Richard Edward Lauterbach (June 18, 1914, New York - September 20, 1950, New York) was the Time magazine Moscow bureau chief during World War II.
Lauterbach was born in New York in 1914. He studied China and the Far East under Professor John K. Fairbank (later, an [in]famous "China Hand) at Harvard University.[1]
Lauterbach was among a group of several journalists employed by Time magazine including John Scott that demanded publisher Henry Luce fire Whittaker Chambers as head of the foreign news department because of Chambers views toward Stalinism and Soviet Communism. Lauterbach was Time's Moscow bureau correspondent.[2] According to Jack Soble, Lauterbach threatened to resign rather than write articles critical of the Soviet Union. Soble recommended Lauterbach for recruitment to the KGB.
In January 1944, Lauterbach was part of the delegation of Western correspondents who visited the graves in Katyn forest at the invitation of the Soviets. He believed the Soviet version that the Germans were the perpetrators.[3] Lauterbach was one of the first American journalists to write about the liberation of Nazi concentration camps. After visiting the Majdanek camp near Lublin in 1944, Lauterbach described how the impact of the "full emotional shock came at a giant warehouse chock-full of people's shoes, more than 800,000 of all sizes, shapes, colors, and styles.... In some places the shoes had burst out of the building like corn from a crib.
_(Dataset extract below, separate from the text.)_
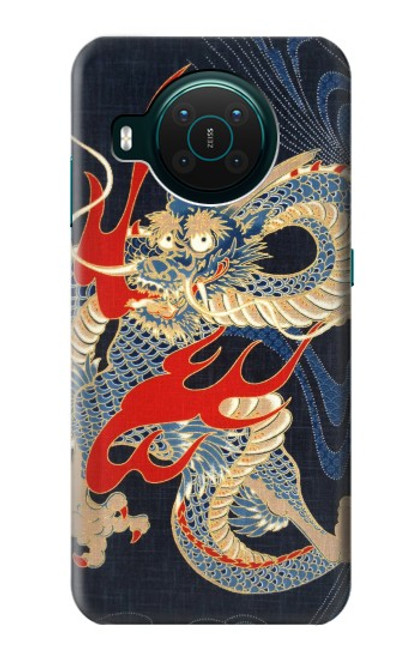 W2073 Japan Dragon Art Hard Case and Leather Flip Case For Nokia X10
It was monstrous. There is something about an old shoe as personal as a snapshot or a letter. I looked at them and saw their owners: skinny kids in soft, white, worn slippers; thin ladies in black highlaced shoes; sturdy soldiers in brown military shoes..."[4]
Lauterbach, then "associate editor of LIFE," wrote a January 1, 1945, Life magazine article marking Stalin's birthday, entitled "Stalin at 65."[5] Lauterbach wrote that Stalin was driven to "push through collectivization of farms at any cost, to build up the morale, to promote the Stakhanovite speed-up movement, to make peace with Hitler for enough time to plan and build for the war he knew was coming...." He quotes Stalin: "Those who think I would ever embark on the adventurous path of conquest blatantly underestimate my sense of realities." He closes by saying that Stalin had made his greatest contribution "to the workers of the world by establishing socialism in one country, by raising the economic level of the masses in Russia to new highs by setting up the Soviet Union as the shining example".
After World War II, Lauterbach was a Nieman Fellow in 1947 at Harvard's Nieman Foundation for Journalism and wrote his book Danger from the East while there.[1] The book received a favorable review in the Nieman Reports: "Lauterbach's is the first good account written about the Japanese occupation," thought the review did caution, "One does not have to agree with everything Lauterbach says to recommend his book as one of the best on the Far East."[1]
Lauterbach died of polio in New York in 1950, aged just 36.[6]
The Richard E. Lauterbach Award for Distinguished Service in the Field of Civil Liberties has been established by the Authors Guild of the Authors League of America.